**EXERCISE DIRECTIONS:** Read through the entries below and copy each line where "image" turns up.

-------- EXTRACTED RECORDS

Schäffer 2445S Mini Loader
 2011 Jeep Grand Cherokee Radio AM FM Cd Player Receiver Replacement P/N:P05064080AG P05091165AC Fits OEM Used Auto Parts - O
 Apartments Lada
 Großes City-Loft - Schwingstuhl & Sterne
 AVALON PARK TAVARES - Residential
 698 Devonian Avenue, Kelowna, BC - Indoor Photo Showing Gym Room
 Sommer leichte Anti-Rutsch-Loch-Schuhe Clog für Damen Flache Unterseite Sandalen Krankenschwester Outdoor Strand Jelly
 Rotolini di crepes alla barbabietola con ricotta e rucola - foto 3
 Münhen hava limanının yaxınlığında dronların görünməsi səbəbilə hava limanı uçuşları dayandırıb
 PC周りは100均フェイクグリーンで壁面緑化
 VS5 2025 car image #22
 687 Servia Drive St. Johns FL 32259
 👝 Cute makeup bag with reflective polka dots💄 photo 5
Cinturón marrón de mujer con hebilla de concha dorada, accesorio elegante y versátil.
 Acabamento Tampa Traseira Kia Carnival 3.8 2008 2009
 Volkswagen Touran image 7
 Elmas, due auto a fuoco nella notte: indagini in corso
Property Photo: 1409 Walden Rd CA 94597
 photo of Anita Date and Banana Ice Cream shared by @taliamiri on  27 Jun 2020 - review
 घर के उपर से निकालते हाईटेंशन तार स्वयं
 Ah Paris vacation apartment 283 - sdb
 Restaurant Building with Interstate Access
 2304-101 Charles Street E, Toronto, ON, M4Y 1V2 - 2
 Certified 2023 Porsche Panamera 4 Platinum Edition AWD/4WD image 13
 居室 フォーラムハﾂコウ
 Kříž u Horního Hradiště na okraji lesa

----------------

**ANSWER TO THIS EXERCISE:**
 VS5 2025 car image #22
 Volkswagen Touran image 7
 Certified 2023 Porsche Panamera 4 Platinum Edition AWD/4WD image 13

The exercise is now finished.